Next, we wrote a function to loop through the images in a dataset, size specified by input parameter sample_size, and for each image, extract all 4 properties. Then, we take the average and standard deviation across all of the images.

import os
import numpy as np

# Return averaged image statistics in a dictionary
def get_average_image_stats(dataset_path, sample_size):
  # Initialize
  rgb_arr = []
  contrast_arr = []
  brightness_arr = []
  entropy_arr = []

  # Loop through files in directory
  filenames = os.listdir(dataset_path)
  for i in tqdm(range(sample_size)):
    filename = filenames[i]
    f = os.path.join(dataset_path, filename)
    # Check that it's a file
    if os.path.isfile(f):
      # Get image data
      rgb = get_rgb(f)
      contrast = get_contrast(f)
      brightness = get_brightness(f)
      entropy = get_entropy(f)
      # Append to arrays
      rgb_arr.append(rgb)
      contrast_arr.append(contrast)
      brightness_arr.append(brightness)
      entropy_arr.append(entropy)
  # Convert arrays to numpy
  rgb_arr = np.array(rgb_arr)
  contrast_arr = np.array(contrast_arr)
  brightness_arr = np.array(brightness_arr)
  entropy_arr = np.array(entropy_arr)
  # Average out all stats using numpy
  rgb_arr_mean = np.mean(rgb_arr, axis=0)
  contrast_mean = np.mean(contrast_arr)
  brightness_mean = np.mean(brightness_arr)
  entropy_mean = np.mean(entropy_arr)
  # Standard Deviation
  rgb_arr_std = np.std(rgb_arr, axis=0)
  contrast_std = np.std(contrast_arr)
  brightness_std = np.std(brightness_arr)
  entropy_std = np.std(entropy_arr)
  # Prepare and return result
  result = {}
  result['Average RGB'] = rgb_arr_mean
  result['Average Contrast'] = contrast_mean
  result['Average Brightness'] = brightness_mean
  result['Average Entropy'] = entropy_mean
  result['STD RGB'] = rgb_arr_std
  result['STD Contrast'] = contrast_std
  result['STD Brightness'] = brightness_std
  result['STD Entropy'] = entropy_std
  return result

For our dataset analysis, we set the sample_size to be 1000.

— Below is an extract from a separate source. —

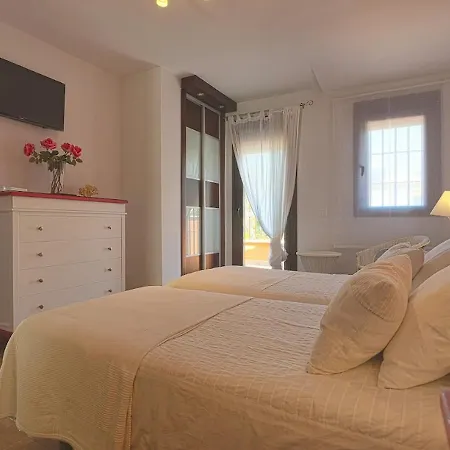 Amplio Chalet Con Jardin Piscina Y Vistas Al Mar Conil De La Frontera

4.5 Results: Dataset Analysis Results & Interpretation

For both Fake and Real images, we compare both the mean and standard deviation of the image properties across all three datasets.

Dataset Fake

Mean
Dataset RGB Contrast Brightness Entropy
Dataset 1 [121.207, 97.160, 85.910] 20.787 103.073 7.406
Dataset 2 [92.016, 73.192, 61.838] 16.079 77.517 6.856
Dataset 3 [131.398, 107.393, 95.647] 24.438 113.237 7.558
Standard Deviation
Dataset RGB Contrast Brightness Entropy
Dataset 1 [34.535, 33.427, 34.483] 8.539 32.701 0.443
Dataset 2 [33.378, 27.867, 28.753] 6.627 29.327 0.688
Dataset 3 [29.974, 28.137, 30.072] 9.295 27.850 0.287


Comparing the means, we see that all the values from Dataset 1 are consisently in between the values from Dataset 2 and Dataset 3. Dataset 2 tends to have consistently lower values while Dataset 3 tends to have consisently higher values across all properties. Comparing the standard deviations, we see that values from Dataset 1 are between values from Dataset 2 and Dataset 3, for contrast and entropy. However, the RGB variance is higher in Dataset 1 than the other 2 datasets so we know that the images in Dataset 1 vary in color more than the images from Dataset 2 and 3. In addition, the standard deviation for brightness in Dataset 1 is higher than both values from Dataset 2 and Dataset 3. Since the standard deviation for brightness is higher, we know that the Fake images in Dataset 1 have higher variance and is more spread out so there are more images with varying brightness and RGB colors than the Fake images in Dataset 2 and Dataset 3.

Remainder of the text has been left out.